Supernova interactions with aspherical circumstellar material I: calculations of light curves, AB magnitudes, spectra, and polarisation

TL;DR

This paper presents advanced 2D simulations of supernova interactions with aspherical circumstellar material, analyzing resulting light curves, spectra, and polarisation to better understand observable features.

Contribution

It introduces detailed numerical models of supernova-CSM interactions with aspherical geometries, including polarisation and spectral predictions, using upgraded radiation-hydrodynamic and Monte Carlo transfer codes.

Findings

RHD models show slower expansion velocities than previous adiabatic models.

Light curves exhibit smooth evolution in disc interactions and variability in lobes.

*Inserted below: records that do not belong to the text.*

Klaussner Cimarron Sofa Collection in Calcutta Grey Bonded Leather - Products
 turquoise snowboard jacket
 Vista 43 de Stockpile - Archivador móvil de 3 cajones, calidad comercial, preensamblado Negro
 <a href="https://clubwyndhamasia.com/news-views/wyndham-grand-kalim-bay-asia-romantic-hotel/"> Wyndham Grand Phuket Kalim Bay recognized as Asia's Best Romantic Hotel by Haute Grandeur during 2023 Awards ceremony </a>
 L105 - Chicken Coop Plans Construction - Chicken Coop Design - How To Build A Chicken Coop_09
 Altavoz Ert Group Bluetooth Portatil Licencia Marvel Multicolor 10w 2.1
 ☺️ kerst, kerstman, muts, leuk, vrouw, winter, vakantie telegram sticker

Comparison with real events aids in selecting accurate CSM configurations.

Abstract

We present an upgraded detailed numerical calculations of supernova (SN) interactions with significantly aspherical circumstellar matter (CSM), primarily formed as a disc or bipolar lobes. The circumstellar disc can arise as a result of, for example, mass transfer in a binary, while bipolar lobes can be the result of a violent pre-explosive ejection of matter, similar to the iconic cases of luminous blue variable stars (LBVs). We numerically simulate the radiation-hydrodynamic (RHD) behaviour of interaction processes using a 2D cylindrical version of the RHD code CASTRO. We then calculate light curves, spectral patterns, and polarisation profiles, all up to a relatively long time of two years after an SN shock breakout and from different directions, using the multidimensional Monte Carlo radiation transfer (MC-RT) codes SEDONA and SIROCCO. We calculated a total of five models for the two aforementioned configurations of the surrounding CSM, for stratified density levels, comparing the simulated hydrodynamic behaviour and differences in their observable properties. RHD models exhibit similar behaviour to previous adiabatic models, but with a significantly slower expansion velocity. The calculated light curves show a relatively smooth evolution in SN-disc interaction, and declines and brightening in SN-lobes interaction. Comparing models with real events with a presumed similar physical process provides guidance for selecting a more accurate CSM configuration when simulating real situations.